Rédigé par: Laurent | le 30 mai 2005 à 11:55
L'analyse est exacte, sauf que le grand centre a commencé sa fin en 1995. Delors a su alors que son modèle de société ne pourrait plus fonctionner compte-tenu de Maastricht et a laissé sa place pour une autre phase de l'Histoire
Rédigé par: Fulcanelli | le 30 mai 2005 à 11:58
Sentiment de honte vis à vis de tous les pays qui comptaient sur nous.Mais surtout sentiment de perdre du temps car on enterinera un texte semblable un jour ou l'autre.Je reste donc optimiste mais je pense qu'on n'a pas fini de rigoler sur les conséquences du non et les désillusions des partisans du non.
Sur http://www.rire-du-non.com, ce blog dessiné en faveur du TCE ,on continuera d'en rire pour éviter d'en pleurer.
Rédigé par: odye | le 30 mai 2005 à 11:58
A cobab
« Augmentation du budget de l'Union, notamment pour proposer des aides structurelles aux nouveaux comparables à ce qu'on a fait pour l'Espagne »
Ahhhhh oui, interrogez donc les nonistes de droite là-dessus ! Très noble et très généreux de votre part ! Mais je crains qu’une très, mais alors une très, très grande majorité des français (mais aussi d’européens), vous envoie paître : avec quels moyens allez vous augmenter le budget à redistribuer ?

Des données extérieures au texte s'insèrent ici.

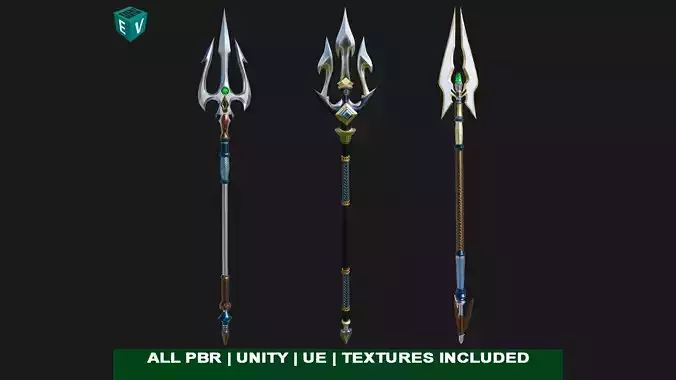 3 Fantasy Tridents Collection All PBR Unity UE Textures Included 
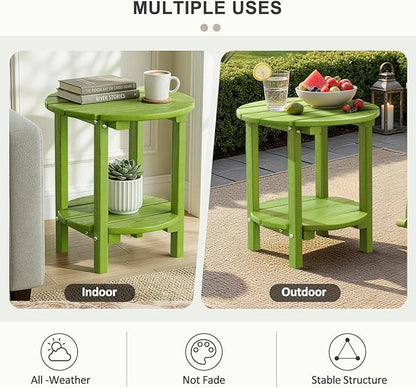 2 Tier Round Outdoor Side Table with Wood-Like Grain, HDPE Adirondack Table Patio Side Table, Weather Resistant End Table for Pool, Patio & Porch, Small Outdoor Table (Lime, Round)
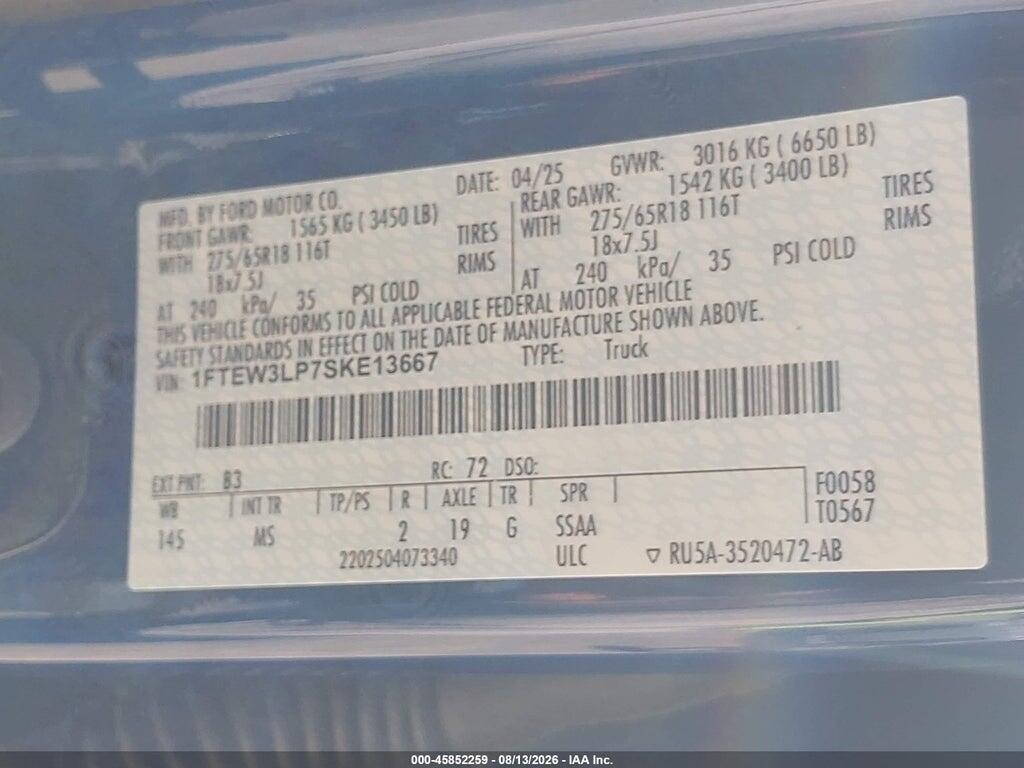 1FTEW3LP7SKE13667 2025 FORD F-150 photo no. 9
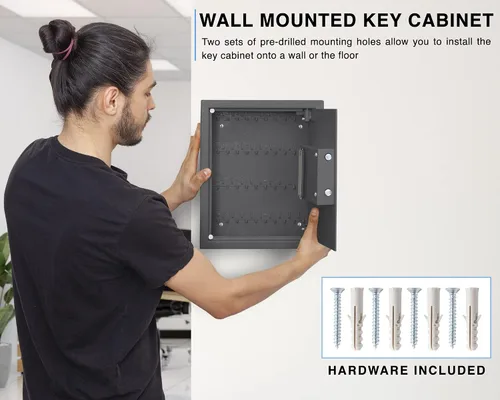 Miniatura 4 de DuraBox Armario de 40 llaves con cerradura digital, caja fuerte para llaves electrónicas, caja de seguridad de acero con ranura para caídas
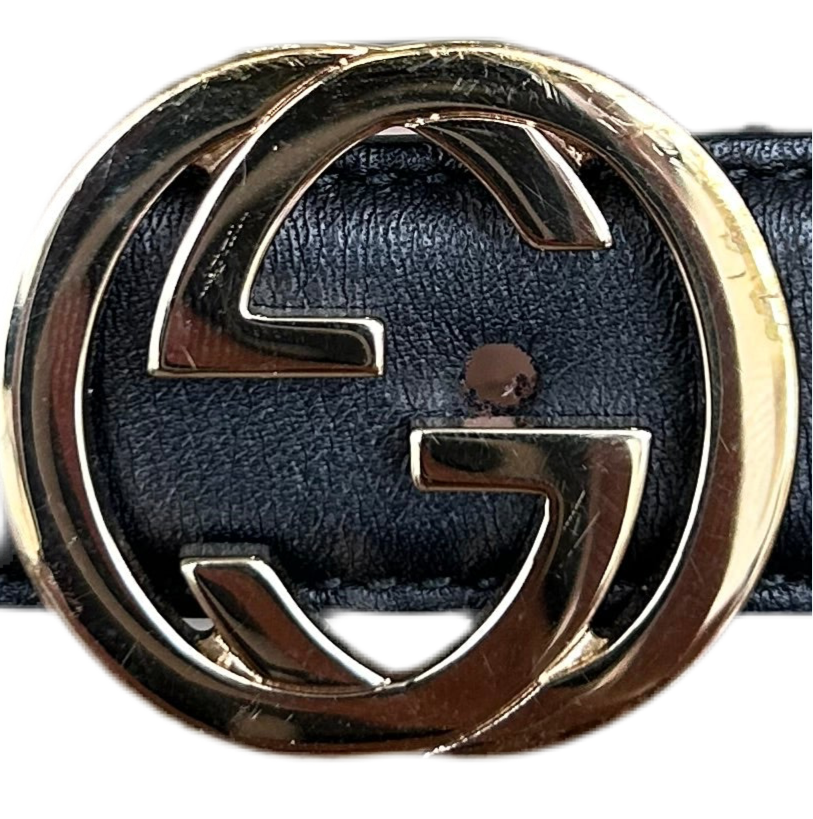 Gucci Black Interlocking Gold Logo Leather Belt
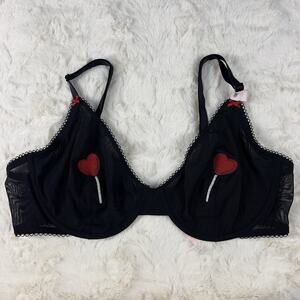 Victoria’s Secret Unlined Underwire Demi Bra Black Mesh Heart Lollipop S.36D NWT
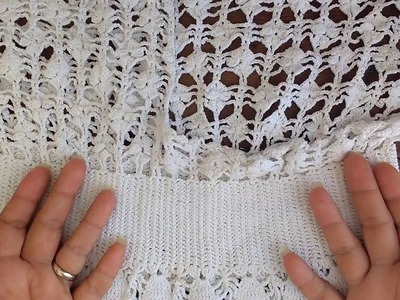 Vestido crochet: puntada flor de 6 pétalos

Avec vos impôts :-)))))) ????
Rédigé par: margit | le 30 mai 2005 à 12:03
@Wesson
> Le refus du libéralisme tel que nous le subissons
> fait maintenant un large consensus. C'est en soi une
> bonne raison de se féliciter.
Le « libéralisme » nous le subissons (dans le sens négatif du terme) tout autant que nous en profitons. L'ouvrier textile qui perd son emploi parce que les entreprises chinoises prennent le marché de son entreprise subit les effets négatifs de l'économie de marché ; mais celui qui achète son costume à 50€ « made in China » en profite. La France est-elle donc coupée en deux : une France qui profite du système et une France qui le subit ? La cassure se fait-elle à 45 contre 55 ?

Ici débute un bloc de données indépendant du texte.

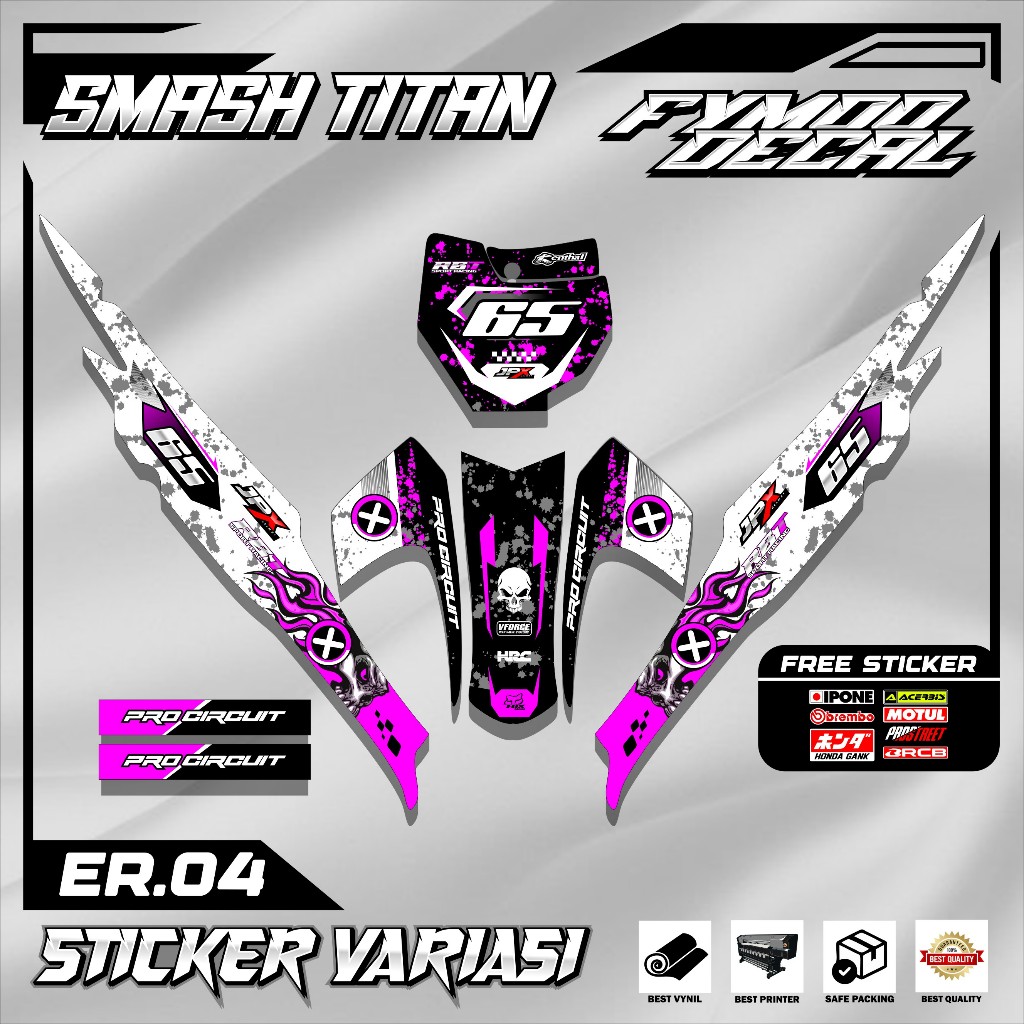 (NEW) STICKER DECAL STRIPING RBT HONDA SMASH TITAN 155 CUSTOM SUPERMOTO TERBARU KODE 26.04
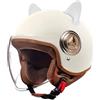RIKCAT Casco moto jet per bambini con orecchie di gatto Casco moto omologato DOT/ECE per ragazzi e ragazze con visiera antigraffio C,54-61CM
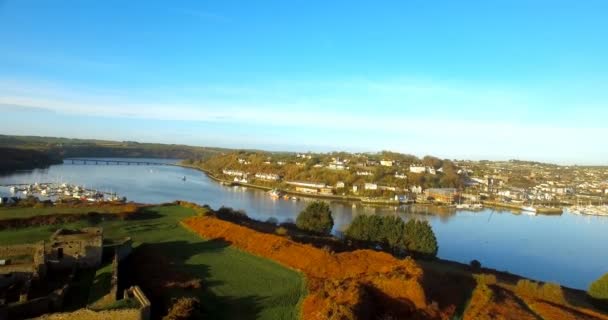 Aerial View Beautiful Landscape River — Stock videók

Un projet social(iste) doit être avant tout un projet de la société. Tout le monde semble voir dans les résultats d'hier un rejet de la « classe politique ». Ce qui est marrant, c'est que les politiques qui ont appelé à voter non ne semble pas penser que ce rejet puisse d'appliquer à eux aussi. Aurait-il fallu un troisième bulletin « non, aussi aux politiques nonistes » ?
L'autre Yannick. ;-)
Rédigé par: Yannick | le 30 mai 2005 à 12:06
margit :
G. Buster de Barcelone, appelle ici http://barcelona.indymedia.org/newswire/display/182166/index.php
à une convention européenne du non de gauche.

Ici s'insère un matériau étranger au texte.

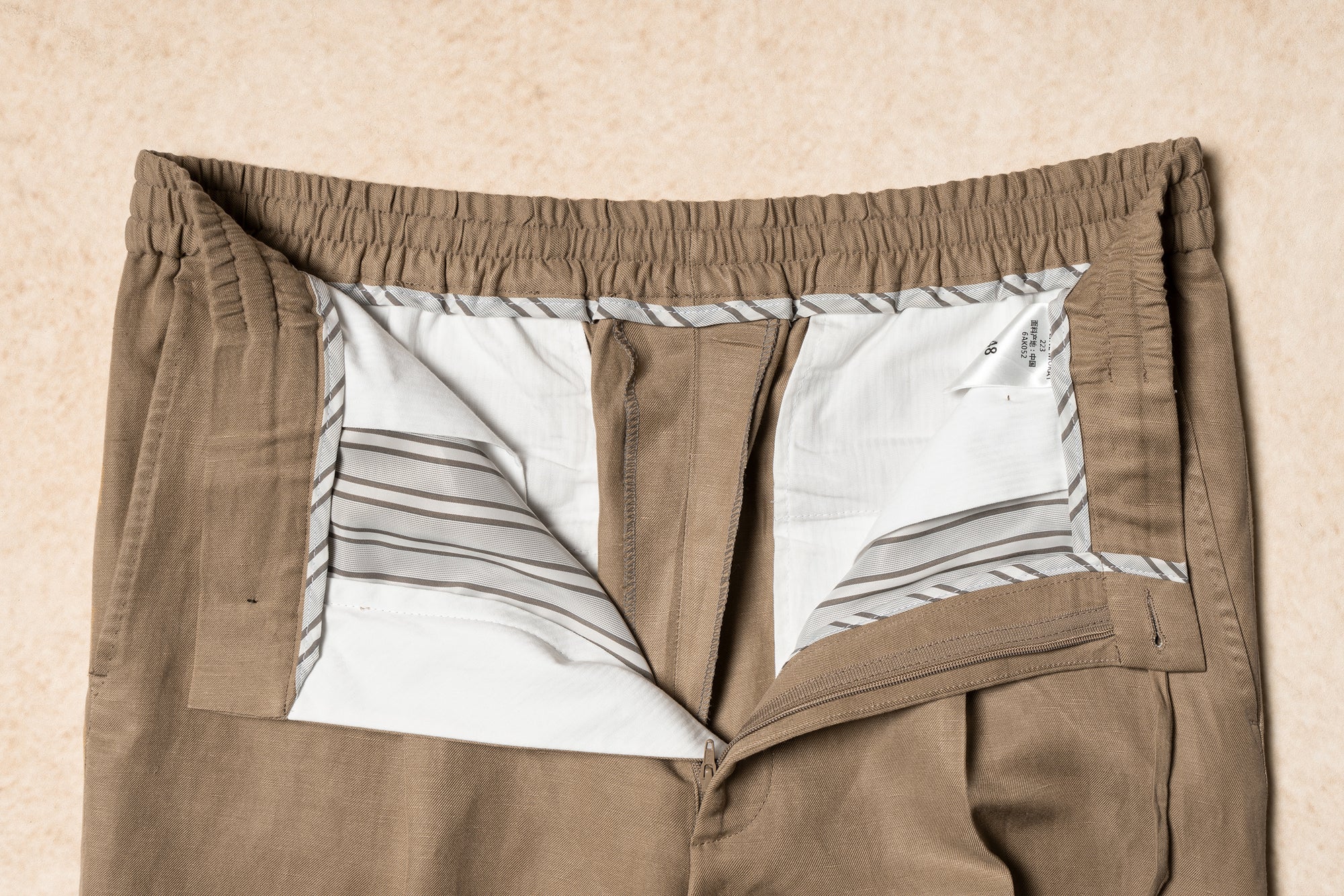 Khaki Silk Linen Drawstring Trousers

« Lo importante es que la experiencia conjunta de resistencia cobre una forma organizativa unitaria desde los niveles más inmediatos de barrio, centro de estudio o de trabajo, hasta las coordinaciones sindicales y las plataformas de organizaciones políticas. En ese esfuerzo deben estar desde las izquierdas de los partidos socialistas que, como en Francia o en Alemania han dicho NO, hasta las organizaciones de la izquierda alternativa, los PC, Ecosocialistas y la izquierda revolucionaria, impulsando un programa de acción por encima de debates de identidad ideológica.
El Partido de la Izquierda Europea, que es el principal instrumento organizativo de la izquierda alternativa que existe a nivel institucional europeo, debería convocar una Convención Europea de la Izquierda del NO, abierta a todas las fuerzas políticas que están dispuestas a movilizar en esta perspectiva y debatir un programa de acción europeo conjunto. Al mismo tiempo hay que reforzar el movimiento de los Foros Sociales Europeos como lugar de encuentro y concertación de los movimientos sociales. ».